Maya Harpaz, the leader of pro-Israel clubs at the University of Pennsylvania, knew that fellow Jewish students were concerned about the Palestine Writes Festival from Sept. 22-24. It was an event celebrating Palestinian culture but also amplifying anti-Israel voices such as former Pink Floyd frontman Roger Waters.
What kind of elements would this bring to campus?
To be safe, Harpaz organized a meeting with Penn’s head of public safety, another representative from the university and Rachel Saifer, the director of operations for Penn Hillel. The university officials assured Harpaz and Saifer that they would keep watch over Hillel, Jewish-affiliated buildings and fraternities and sororities. Hillel and Jewish spaces are always a top priority for them, they said.
“That was something she initiated,” Saifer said of Harpaz. “I think it was just reassuring students that the university was on this.”
Penn Hillel was vandalized the day before the festival started. But no one was injured, and Penn Public Safety apprehended the perpetrator. Then the festival passed without incident.
Harpaz, 19, joined many of her fellow Jewish students at a Hillel-organized Shabbat dinner on Sept. 22. They wanted to show solidarity during an event with anti-Israel speakers.
It was not an event that Harpaz organized. But many such gatherings on Penn’s campus are. The junior, who is concentrating her studies on public policy and governance, tries to get real-world experience, too.
She has served as the vice president of Israel engagement for Hillel since January. She is also serving as a communications director for the American Israel Public Affairs Committee’s Women’s Leadership Council, which engages female students nationwide. During the 2020 presidential election, she managed a team of volunteers working to elect Joe Biden in her home state of Florida.
“She’s a leader. She’s articulate. Very mature. And presents herself beautifully,” Saifer said.
Harpaz is interested in public policy in general. But Israel may be her No. 1 issue.
Her father was born there but moved to the U.S. with his parents when he was three. His extended family still lives in the Tel Aviv area. When Harpaz was growing up, she had a bat mitzvah ceremony in Israel and visited on other occasions.
By the time she completed an eight-week internship in Israel with Birthright’s Onward program this past summer, Harpaz realized something. In America, “Jews are the minority, and you have to go out of your way to celebrate and be Jewish,” she said. But in Israel, “You don’t have to go to services to celebrate Rosh Hashanah.”
“The streets are empty,” Harpaz added.
The Penn student joined the Hillel student leadership board when she arrived on campus. Through the group, she learned about PIPAC, the Penn Israel Public Affairs Committee. Harpaz joined that, too, and started meeting with members of Congress and traveling to Washington, D.C., to discuss issues relating to Israel.
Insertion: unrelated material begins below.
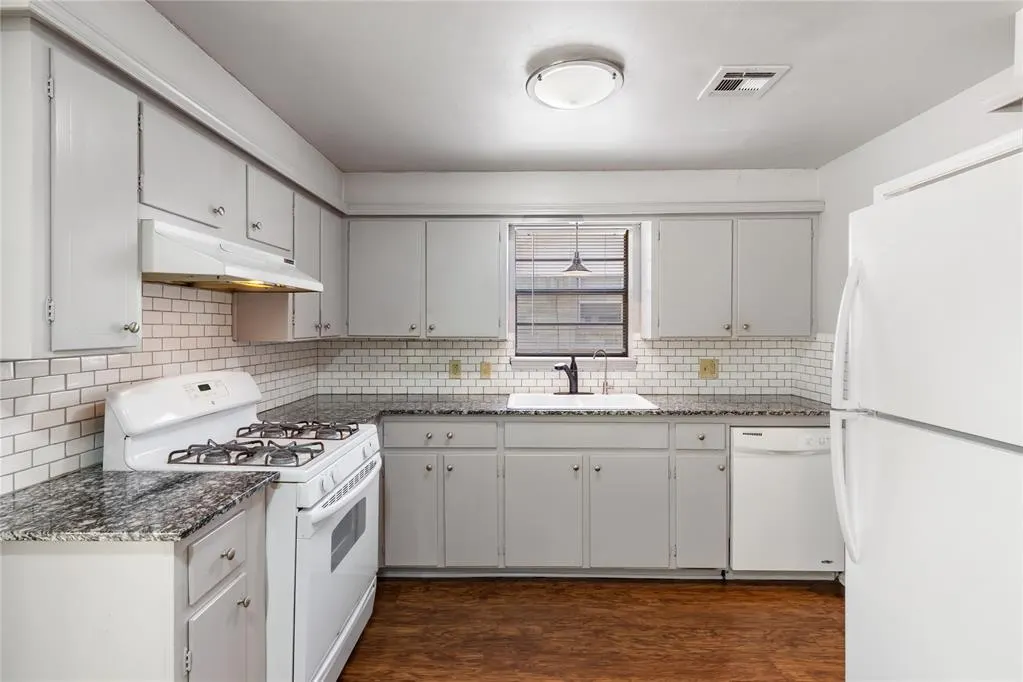 Photo 13 — 505 Meadow Lake Drive, Edmond, OK 73003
Two issues stand out above others: securing U.S. funding for Israel’s Iron Dome air defense system and preventing Iran from getting a nuclear weapon. In some conversations, the student and her PIPAC colleagues help raise awareness among members of Congress.
“I’m drawn to understanding how governments work, how things get changed,” Harpaz said.
At the first PIPAC meeting Harpaz attended a couple of years ago, there were fewer than 10 people. Today, she runs the club. And at recent meetings, there were more than 30 students.
The junior reached out to people individually. She texted them, took them out for coffee and invited them to events.
“That personal relationship is important,” Harpaz said.
Last year, she organized a talk by Ted Deutch, the CEO of the American Jewish Committee and former congressman from Florida. The student leader got 80 people to show up.
“It was an incredibly successful evening,” Saifer said.
When Penn Hillel needed someone to speak in public about the Palestine Writes Festival, it chose Harpaz, a student. She said she didn’t want to see the event canceled. But she did join a chorus of other Jewish community leaders who called on the university to condemn the speakers who had made anti-Israel remarks in the past.
Penn’s president, M. Elizabeth Magill, its provost, John L. Jackson, and arts and sciences dean, Steven J. Fluharty, obliged.
“We unequivocally — and emphatically — condemn antisemitism as antithetical to our institutional values,” they said.
Harpaz wants to go to law school when she graduates.
“I think being a lawyer is a way you can make change and advocate for people. Advocate for causes that you’re passionate about,” she said.